GOAL OF THE EXERCISE =>
For the string "finished", state the number of lines in the data that contain it, and nothing else.

WORKING DATA =>
*** Begin section ***

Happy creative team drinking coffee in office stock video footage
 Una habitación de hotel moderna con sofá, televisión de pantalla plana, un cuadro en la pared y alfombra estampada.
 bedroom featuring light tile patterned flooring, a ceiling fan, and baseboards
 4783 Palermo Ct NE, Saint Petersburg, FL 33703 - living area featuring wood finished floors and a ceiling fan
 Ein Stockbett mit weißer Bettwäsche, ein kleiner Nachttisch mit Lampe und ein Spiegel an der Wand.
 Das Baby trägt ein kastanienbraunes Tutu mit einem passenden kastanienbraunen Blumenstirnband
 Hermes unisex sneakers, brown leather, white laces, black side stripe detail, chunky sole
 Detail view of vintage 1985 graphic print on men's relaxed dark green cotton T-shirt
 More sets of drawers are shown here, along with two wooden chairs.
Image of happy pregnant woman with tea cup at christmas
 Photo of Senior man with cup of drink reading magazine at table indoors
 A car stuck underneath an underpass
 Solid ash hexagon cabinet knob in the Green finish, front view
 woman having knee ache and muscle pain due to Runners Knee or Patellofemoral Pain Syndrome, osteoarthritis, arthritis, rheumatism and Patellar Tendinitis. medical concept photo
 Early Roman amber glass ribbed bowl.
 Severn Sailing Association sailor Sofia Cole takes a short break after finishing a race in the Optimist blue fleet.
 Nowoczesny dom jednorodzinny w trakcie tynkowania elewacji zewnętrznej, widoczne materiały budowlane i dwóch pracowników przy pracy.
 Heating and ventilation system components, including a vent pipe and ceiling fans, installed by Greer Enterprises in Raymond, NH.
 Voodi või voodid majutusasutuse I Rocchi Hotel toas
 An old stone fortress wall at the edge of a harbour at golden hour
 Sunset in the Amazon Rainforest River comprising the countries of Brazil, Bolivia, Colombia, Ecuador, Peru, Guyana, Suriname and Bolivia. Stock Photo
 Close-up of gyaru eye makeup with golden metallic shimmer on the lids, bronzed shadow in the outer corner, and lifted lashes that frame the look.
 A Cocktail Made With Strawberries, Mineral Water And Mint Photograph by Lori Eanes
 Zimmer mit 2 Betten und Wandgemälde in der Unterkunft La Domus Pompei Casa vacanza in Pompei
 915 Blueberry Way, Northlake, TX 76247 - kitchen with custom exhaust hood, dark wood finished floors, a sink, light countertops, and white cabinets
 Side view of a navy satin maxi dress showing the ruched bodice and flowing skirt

*** End section ***

WRITTEN ANSWER =>
2